Dan boort hij boven in hetzelfde vat nog een gat en loopt weg om nog een glas en een paar deuvikken te halen. Zij moet zo blijven staan tot zij door de meid verlost wordt. Hij heeft intussen de plaat gepoetst. Dit blijft lange tijd de gangbare vorm in kluchtboeken en almanakken, lectuursoorten waar ook de meeste andere hier genoemde onderdelen voortdurend in te vinden zijn.

Aan het eind van de 17e eeuw duikt dan voor het eerst een begin van het raamwerk op, als ‘Predigtmärlein’ bij de Zuid-Duitse preekauteurs Athanasius von Dillingen (1633 of 1634-1714) en Andreas Strobl (1641-1706): de afleiding van de honden gecombineerd met de wijnkelder-episode.
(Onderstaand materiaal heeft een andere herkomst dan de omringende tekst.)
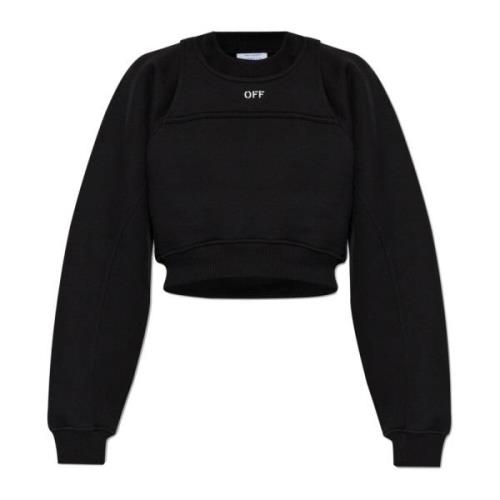 Off White Sweatshirt med logotyp Black, Dam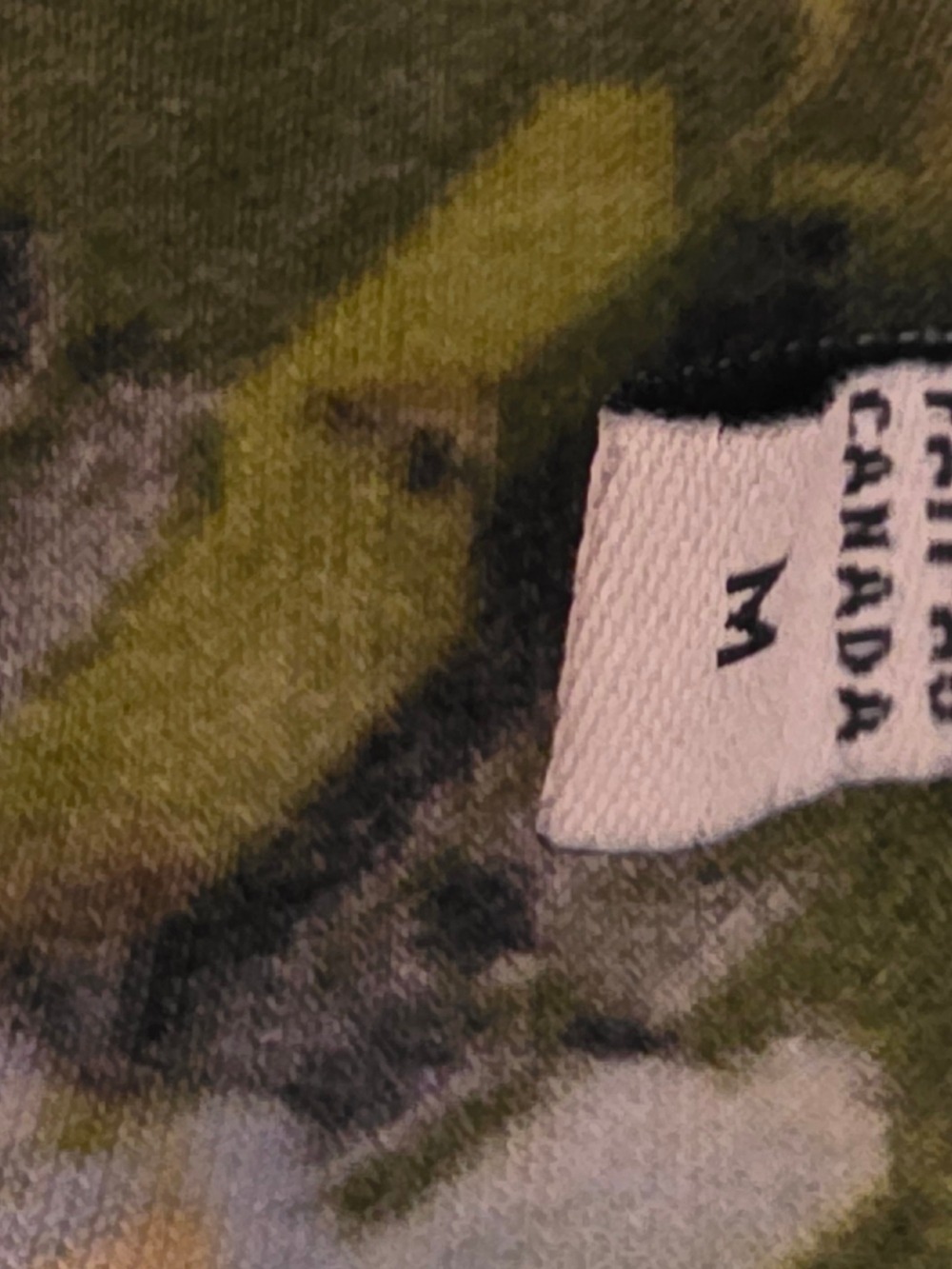 4/$97 Canadian Vivian Wong Abstract Brushstroke Button-Front Top - Picture 14 of 14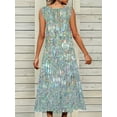 thumbnail image 5 of Printed Vest Dress with Pockets- the Perfect Summer Style for Fashionable Women, 5 of 7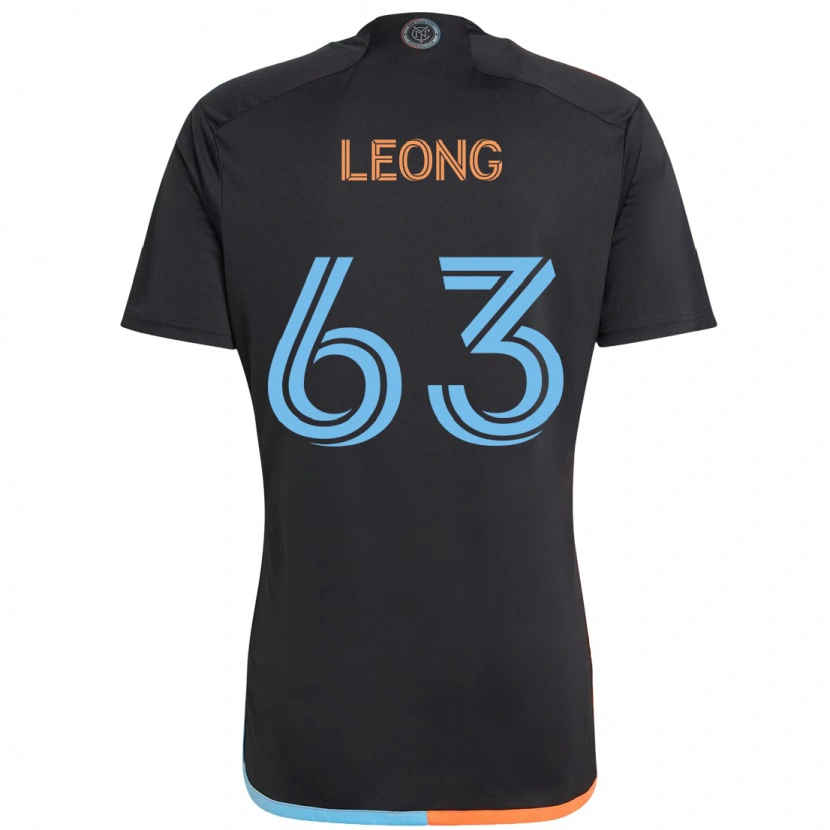 Danxen Criança Camisola Matthew Leong #63 Preto Azul Laranja Alternativa 2025/26 Camisa Brasil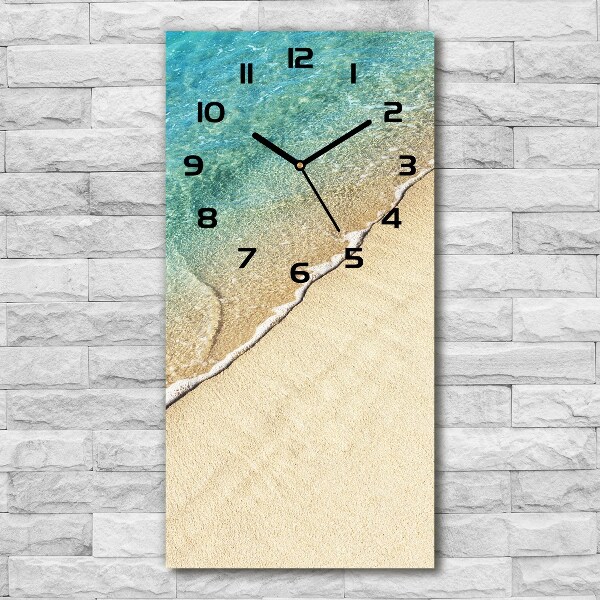 Orologio verticale in vetro con motivo a onda marina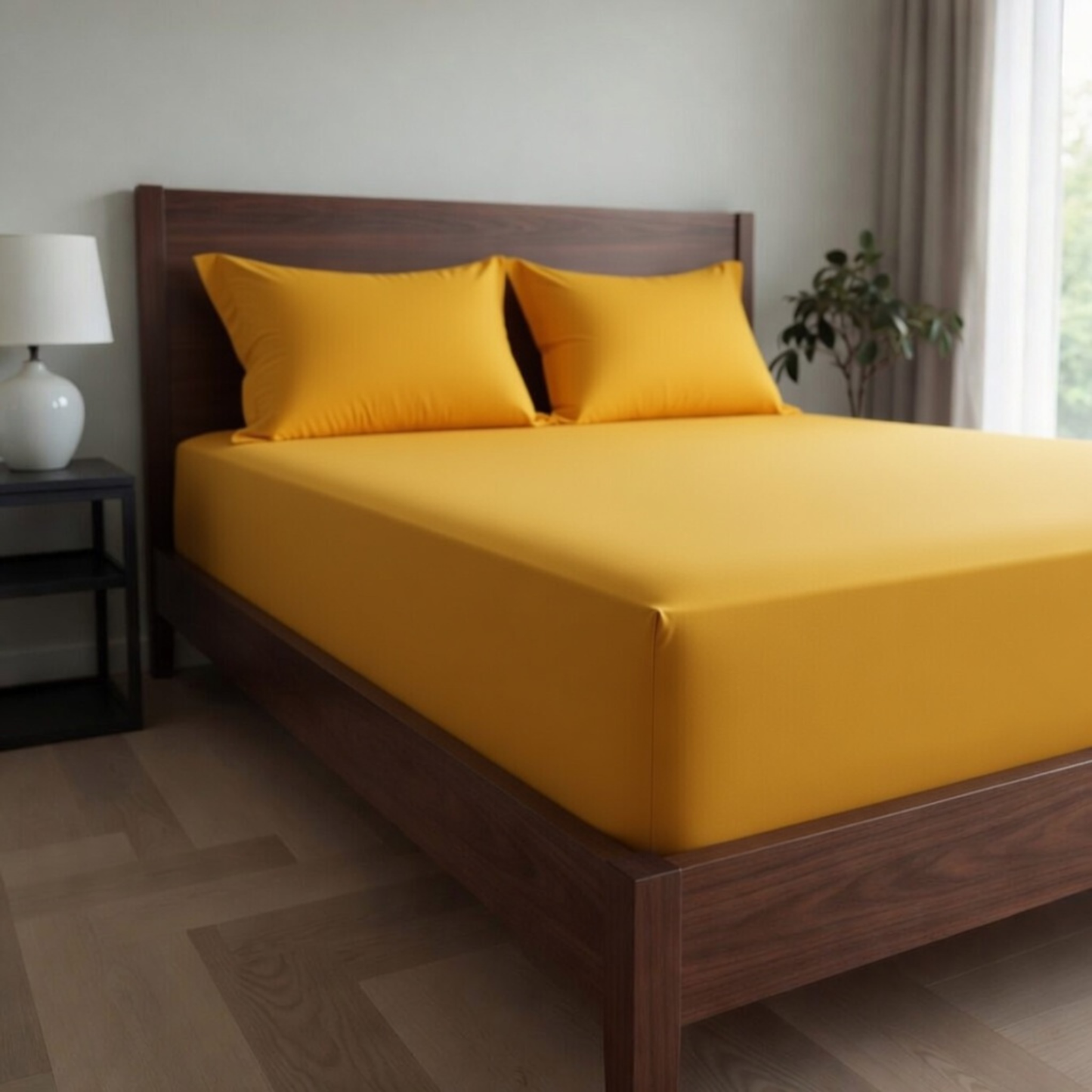 Extra Deep Fitted Sheet 40cm | Ultra Soft, Wrinkle-Free, Perfect Fit for Thick Mattress (UK Size)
In de loop van de 19e eeuw stuiten we dan voor het eerst in Duitsland en Friesland op het volledig uitgebouwde type.

JURJEN VAN DER KOOI TEKSTEN: Boekenoogen 1904, pp. 51-52; Dykstra 1895-96, II, pp. 69-71; Jaarsma 1950; Jaarsma 1954, pp. 188-189; Van der Kooi 1979a, nr. 6; Van der Kooi 1979b, pp. 93-94; Van der Kooi/Schuster 1994, nr. 162; Moser-Rath 1964, nr. 20; Van Overbeke 1991, nr. 1415; Poortinga 1979, p. 278; Poortinga 1980, pp. 175-179; Poortinga 1981, pp. 47-63. STUDIES: BPII, p. 367; EMIV, kol. 1218-1221; DeMeyer 1968, pp. 95-96, nr. 921D*, 116, nr. 1539A*, 118; VDK pp. 378-379, 484, 488, 497, 557.